"We come to China with the ambition for Olympic medals, but we also want to enjoy sharing the party with new friends from various countries and regions," Panama's fencing coach Julio C. Gonzalez Tirador said in Tianjin on Friday.
Tirador made the remarks during a pre-Olympics training course designed by the International Fencing Federation (FIE) to warm up fencers for the Games.
Starting Friday's training with an eight-player indoor football match, the fencers appeared with little anxiety for the pending Olympic Games, and instead displayed much pleasure for sharing time with new friends.
"It's an important opportunity for me to play with fencers from so many countries and regions, and the training program is a very precious opportunity ahead of the Olympic Games," said Panamanian women epeeist Yesira Jimenez Luna, who is among 20 or so fencers from Cuba, Senegal, Brazil, Thailand, Ireland, Peru, Panama, Burkina Faso and Hong Kong.

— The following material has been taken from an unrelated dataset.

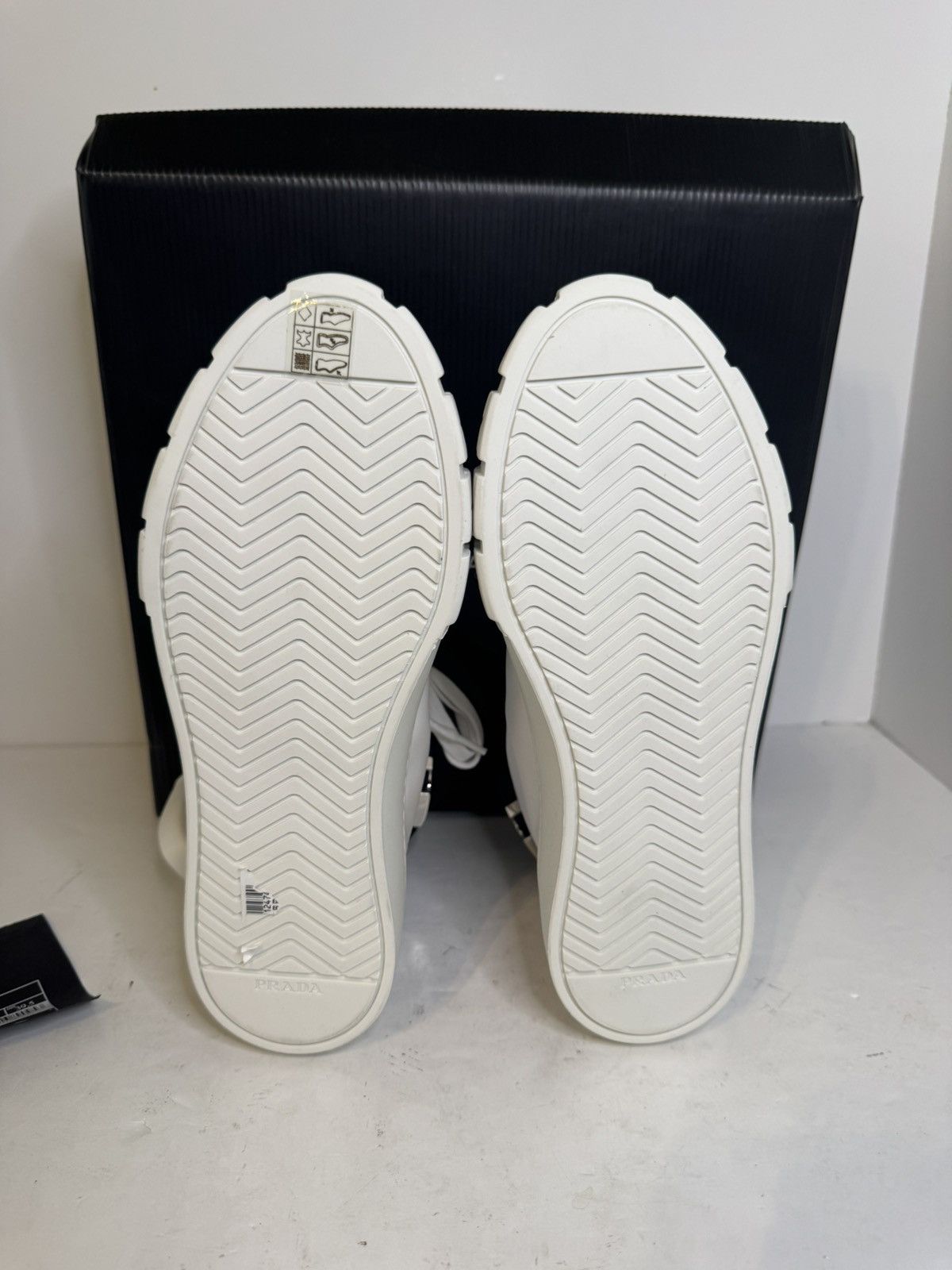 Prada Prada Nylon Gabardine Combat Boots White SZ 39.5 Size US 7.5 / EU 40-41 - 8 Thumbnail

The fencers will finish their FIE training course on August 3 and then leave for Beijing, the Olympic host city which is only half an hour's travel from Tianjin by high-speed train.
While they trained hard on the fencing pistes, they also played hard on the ground. Watching the Brazilians and Senegalese playing football during intervals of her training, Peruvian girl Maria Luisa Doig Calderon laughed a lot. A 16-year-old high school student, she may be one of the youngest fencers to compete at the Olympic Games.
While the Olympic Games has the motto of Faster, Higher and Stronger, it also cherishes such values as participation, loving and sharing.
Algerian women fencer Bentaleb Hadia, who had no training for months before coming to China, said her arms ached after the intensive training here in Tianjin.
"It's good for me to get warmed up for the Olympic Games. I haven't trained for several months. Here I have training and I make friends," she said. Hadia might have very slim chances for winning medals this time, but she participates, shares and enjoys.
The Tianjin fencing team offered the best they had for the foreign fencers. Coach Wang Fuchi said their own players were moved to a smaller room so that the foreign friends can practise in this larger hall equipped with six new air conditioners bought just for the FIE course.
"We send the best of our fencers to practise with them and help them warm up for the Olympic competitions," Wang said.
The coach said the FIE had greatly helped promote fencing in China, and he wanted to contribute his part for the promotion of this sport in other parts of the world. The Beijing Olympic Games is a good opportunity, he said. The more people get involved, the more popular the sport will become.